During a genomic scan, it may also be helpful to account for sources of uncertainty in the data. Foremost among these is uncertainty in genotype calls (Marchini and Howie 2010; Nielsen et al. 2011). Modern genotype calling methods provide a posterior probability for each genotype (He et al. 2014; Fumagalli et al. 2014; Korneliussen et al. 2014), and so it may be possible to assign to each analysis window a weighted mean G12 or G123 score from this posterior to produce a more accurate representation of sweep events throughout the study population’s genome. It is also possible that windows of elevated G12 and G123 value may arise in the absence of random mating.
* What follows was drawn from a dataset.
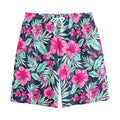 Pink Hibiscus Tropical Pattern Print Cotton Shorts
That is, although our approach assumes elevated MLG identity derives from elevated haplotype homozygosity as a result of random mating, we do not specifically evaluate whether observed patterns of MLG diversity are compatible with the random mating assumption. Such an approach could condition on the presence of one high-frequency MLG with only homozygous sites in the case of a hard sweep, or at least two high-frequency homozygous MLGs in the case of a soft sweep. To further consider this point, we rescanned the 1000 Genomes dataset, but randomly paired haplotypes into diploid MLGs to simulate random mating. Our lists of outlying sweep candidates for G123 across each study population after random reshuffling were highly concordant with the lists for the true set of diploid individuals (Tables S5, S8, S11, and S14).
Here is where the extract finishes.